150.000 Menschen erleiden jedes Jahr einen Schlaganfall. 40% überleben den Anfall nicht, von dem Rest bleiben 60% für immer von ihm gezeichnet. Doch obwohl Schlaganfall so viele Menschen bedroht, ist das Wissen um Risikofaktoren in der Bevölkerung sehr gering. Dabei kann gezieltes Vorbeugen das Risiko vermindern, einen Schlaganfall zu erleiden.
32 Prozent der rund 28.000 Befragten im Alter von über 50 Jahren konnten keinen einzigen Risikofaktor für Schlaganfall benennen, nur 13 Prozent kannten vier Faktoren. "Potenziell gefährdete Personen waren dabei zum Teil nicht besser informiert als jene mit geringerem Risiko", so Prof. Dr. Stefan Willich, Leiter der Forschergruppe an der Berliner Charité, die eine Studie zu dem Thema durchgeführt hat.

Schlaganfall ist die dritthäufigste Todesursache und die häufigste Ursache für erworbene Behinderungen im Erwachsenenalter in Deutschland. Jedes Jahr erleiden hierzulande mehr als 150.000 Menschen erstmals einen Schlaganfall, davon versterben rund 40 Prozent binnen eines Jahres. Fast zwei Drittel der Patienten, die einen Schlaganfall überleben, sind behindert und auf fremde Hilfe angewiesen.

Effektive und zielgerichtete Aufklärung über Risiken und Symptome des Schlaganfalls könnte viele Schlaganfälle verhindern bzw. seine gesundheitlichen Folgen und Kosten mindern. Studien belegen für den Schlaganfall, dass durch konsequente Verminderung der wichtigsten beeinflussbaren Risikofaktoren, wie Bluthochdruck, Diabetes, Rauchen, Bewegungsmangel und Fettstoffwechselstörungen, ein großer Teil der Erkrankungen verhindert werden könnte. Neben den beeinflussbaren gibt es auch nicht beeinflussbare Faktoren wie Lebensalter, Herzfehler und Vererbung.

Das Wissen über die Erkrankung war bei den Personen besser,die ein geringeres Alter, einen höheren Bildungsstand und die deutsche Staatsangehörigkeit hatten sowie in einem Mehrpersonenhaushalt lebten. Außerdem waren Teilnehmer besser über Risikofaktoren informiert, wenn sie die Information innerhalb des letzten Jahres erhalten hatten.
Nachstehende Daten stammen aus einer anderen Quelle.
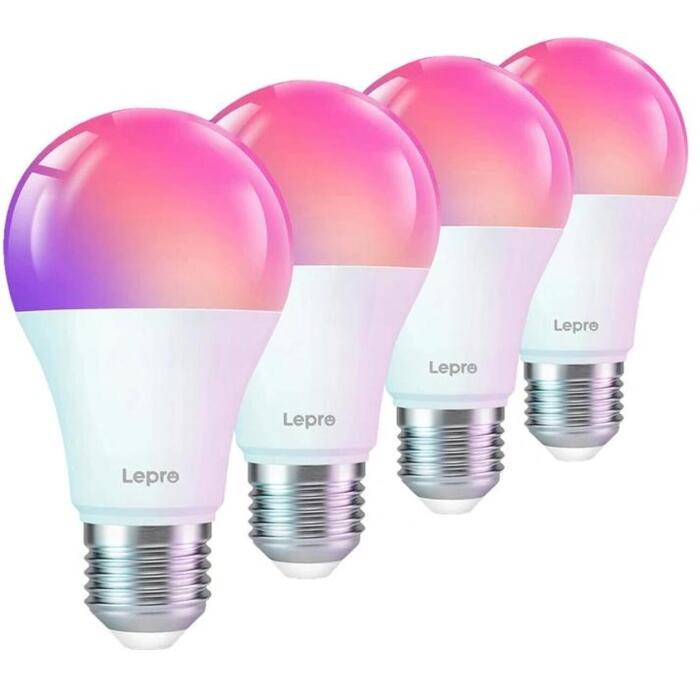 LEPRO B1-EU-4 viedā LED spuldze E27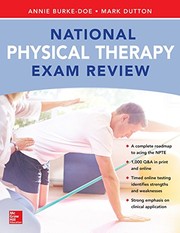 National Physical Therapy Exam Review -- Section 2019 Online Simulated NPTE® Exam (Review Questions)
Die überwiegende Mehrheit bezog ihre Informationen aus den Massenmedien (82 Prozent), gefolgt von Familien und Freunden (45 Prozent) und Hausärzten (20 Prozent). Dabei erhielten potenziell gefährdete Personen, wie ältere Menschen, Männer und jene Patienten mit einer Schlaganfallvorgeschichte, eher Informationen durch ihren Hausarzt. "Die Studie macht deutlich, dass es noch einen deutlichen Aufklärungsbedarf in der Bevölkerung, insbesondere in den Risikogruppen, gibt", betont Willich.

Die Studie:

An der schriftlich durchgeführten Befragung beteiligten sich 28.090 von 75.720 zufällig ausgewählten Berliner Bürgern im Alter von über 50 Jahren. Die Altersgruppe der über 50-Jährigen wurde ausgewählt, da das Schlaganfallrisiko mit zunehmendem Lebensalter deutlich ansteigt. Neben dem Wissen über Risikofaktoren und dem soziodemografischen Hintergrund (Alter, Geschlecht, Bildungsniveau und Nationalität) wurden auch die Informationsquellen erfragt. Die Befragten konnten bis zu vier Risikofaktoren angeben.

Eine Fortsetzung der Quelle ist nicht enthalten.